START DATA BLOCK
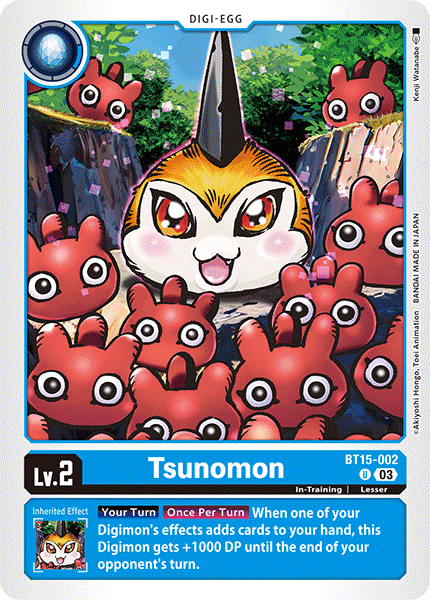 BT15-002 Tsunomon Uncommon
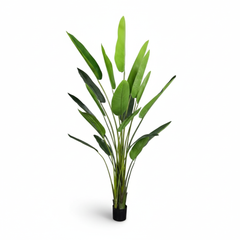 Artificial Heritage Jumbo Traveller Soft Banana Leaf Plant - 10 ft (310 cm)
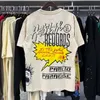 レトロなスケートボードティースタイリッシュな男性用のヴィンテージチャームTシャツ夏半袖Tシャツ23FW 11月1日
END DATA BLOCK
→ REQUIREMENT
Restate word for word the lines from the one with "Artificial Heritage Jumbo" to the end of the material, both included. Do not include the pictures.

→ ANSWER AREA
 Artificial Heritage Jumbo Traveller Soft Banana Leaf Plant - 10 ft (310 cm)
 レトロなスケートボードティースタイリッシュな男性用のヴィンテージチャームTシャツ夏半袖Tシャツ23FW 11月1日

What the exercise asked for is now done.